Queda no número de mortes
A Organização das Nações Unidas (ONU) divulgou, em julho deste ano, um relatório que confirma a queda de 24% no número de mortes em decorrência da Aids. Segundo o órgão, o total de óbitos no período entre 2005 e 2011 caiu de 2,2 milhões para 1,7 milhão. O dado indica ainda uma melhoria no tratamento com remédios antirretrovirais e na sobrevida dos pacientes. Ainda segundo a ONU, na década de 1980, o tempo de vida dos soropositivos era, em média, de cinco meses. Atualmente, os pacientes vivem dez anos ou mais com a doença.
Para o infectologista Dario Brock, “a dificuldade, quando se considera a larga escala num país, é o custo de tratamentos de resgate, que são utilizados em pacientes que usaram os remédios antigos, do começo da epidemia, ou naqueles que tomam irregularmente a medicação, que, portanto, "falharam". Para esse grupo de pessoas, é necessário utilizar medicamentos muito dispendiosos, o que, em longo prazo, pode onerar bastante o sistema de saúde.
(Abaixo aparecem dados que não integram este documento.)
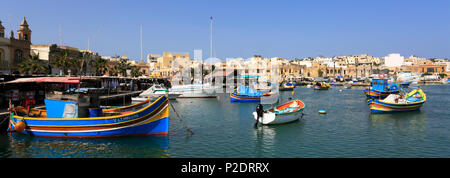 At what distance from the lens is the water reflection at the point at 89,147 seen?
17219 millimetres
Em Betim, segundo a gerente do Centro de Convivência Cazuza de Betim, Meire Matos, o tratamento, nos últimos anos, melhorou muito a qualidade de vida dos soropositivos. “E o número de novos casos da doença segue os mesmos índices nacional e mundial”, revela. F.B.A. diz que convive com a doença desde 1991 e, contrariando as estatísticas de sobrevida, vive relativamente bem. “São 22 anos de luta. Desses, há apenas três anos estou tomando antirretrovirais. Acredito que, muito em breve, teremos dias melhores, passando a tomar apenas um comprimido para administrar a doença, como acontece no caso das pessoas com diabetes. Para aqueles que ainda não contraíram o vírus, levo fé que novas drogas surgirão no combate a novas infecções”, conclui.
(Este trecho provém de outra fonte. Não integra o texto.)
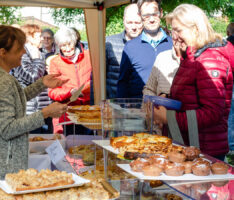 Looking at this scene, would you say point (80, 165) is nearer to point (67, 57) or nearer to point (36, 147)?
point (36, 147)

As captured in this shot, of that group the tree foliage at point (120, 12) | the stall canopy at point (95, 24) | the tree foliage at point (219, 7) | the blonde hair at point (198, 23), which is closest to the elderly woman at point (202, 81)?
the blonde hair at point (198, 23)

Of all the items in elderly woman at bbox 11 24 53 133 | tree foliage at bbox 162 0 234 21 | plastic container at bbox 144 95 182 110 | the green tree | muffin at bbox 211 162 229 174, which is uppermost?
the green tree

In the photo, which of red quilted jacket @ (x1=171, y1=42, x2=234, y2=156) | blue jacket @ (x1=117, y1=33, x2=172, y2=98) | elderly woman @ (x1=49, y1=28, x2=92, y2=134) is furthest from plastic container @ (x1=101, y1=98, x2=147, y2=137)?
elderly woman @ (x1=49, y1=28, x2=92, y2=134)

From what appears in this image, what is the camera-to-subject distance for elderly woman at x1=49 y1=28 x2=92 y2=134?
14.2ft

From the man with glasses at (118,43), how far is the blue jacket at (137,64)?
20.1 inches

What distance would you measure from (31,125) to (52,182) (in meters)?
0.87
Segundo o especialista Dario Brock, o mito que gira em torno da Aids, de que a doença é alguma espécie de praga irremediável, “é pura bobagem”. Ele ressalta: “existe tratamento, é bom gratuito e funciona. No entanto, perdi a conta de pacientes que vi morrerem por não procurarem o serviço de saúde ou por não tomarem a medicação corretamente. Quando passarmos a encarar HIV/Aids como diabetes ou hipertensão arterial, esse cenário poderá mudar”, finaliza.